#### Exercise directions:
Through the end of the data below, output every line exactly, beginning with the line that contains "Der Medizin-Nobelpreis 2015".

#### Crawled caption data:

§

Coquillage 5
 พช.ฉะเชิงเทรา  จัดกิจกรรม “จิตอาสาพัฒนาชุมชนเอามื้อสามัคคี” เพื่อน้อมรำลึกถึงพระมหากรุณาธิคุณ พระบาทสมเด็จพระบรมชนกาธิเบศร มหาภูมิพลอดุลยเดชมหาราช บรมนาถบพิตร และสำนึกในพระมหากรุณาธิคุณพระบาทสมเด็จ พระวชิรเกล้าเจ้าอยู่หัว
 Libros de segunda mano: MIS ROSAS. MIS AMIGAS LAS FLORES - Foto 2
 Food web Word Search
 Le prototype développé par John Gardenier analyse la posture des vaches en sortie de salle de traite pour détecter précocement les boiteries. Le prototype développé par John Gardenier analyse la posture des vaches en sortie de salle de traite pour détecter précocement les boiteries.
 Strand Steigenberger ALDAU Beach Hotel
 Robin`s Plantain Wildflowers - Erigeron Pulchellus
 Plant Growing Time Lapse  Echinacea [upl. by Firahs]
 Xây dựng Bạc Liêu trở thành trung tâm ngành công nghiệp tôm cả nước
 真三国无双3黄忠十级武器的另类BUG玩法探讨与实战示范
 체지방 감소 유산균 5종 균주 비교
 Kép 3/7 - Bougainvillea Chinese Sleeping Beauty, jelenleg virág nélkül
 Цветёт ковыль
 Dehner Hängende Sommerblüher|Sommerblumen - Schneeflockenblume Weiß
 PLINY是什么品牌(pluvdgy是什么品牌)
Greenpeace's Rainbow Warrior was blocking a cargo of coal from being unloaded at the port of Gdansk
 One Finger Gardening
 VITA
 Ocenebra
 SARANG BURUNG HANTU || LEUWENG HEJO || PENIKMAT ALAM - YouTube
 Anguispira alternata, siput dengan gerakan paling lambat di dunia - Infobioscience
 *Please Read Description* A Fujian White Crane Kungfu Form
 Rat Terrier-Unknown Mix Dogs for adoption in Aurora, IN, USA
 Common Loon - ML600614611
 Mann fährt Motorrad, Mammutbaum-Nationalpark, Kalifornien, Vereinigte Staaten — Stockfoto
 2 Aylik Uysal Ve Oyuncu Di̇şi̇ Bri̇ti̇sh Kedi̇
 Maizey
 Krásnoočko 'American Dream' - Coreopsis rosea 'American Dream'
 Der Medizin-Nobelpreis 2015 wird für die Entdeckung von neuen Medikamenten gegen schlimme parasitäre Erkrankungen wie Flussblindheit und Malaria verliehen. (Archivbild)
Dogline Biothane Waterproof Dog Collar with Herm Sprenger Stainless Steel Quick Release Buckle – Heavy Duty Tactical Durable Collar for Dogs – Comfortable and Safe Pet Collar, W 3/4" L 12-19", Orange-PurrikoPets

§

#### Result below:
 Der Medizin-Nobelpreis 2015 wird für die Entdeckung von neuen Medikamenten gegen schlimme parasitäre Erkrankungen wie Flussblindheit und Malaria verliehen. (Archivbild)
Dogline Biothane Waterproof Dog Collar with Herm Sprenger Stainless Steel Quick Release Buckle – Heavy Duty Tactical Durable Collar for Dogs – Comfortable and Safe Pet Collar, W 3/4" L 12-19", Orange-PurrikoPets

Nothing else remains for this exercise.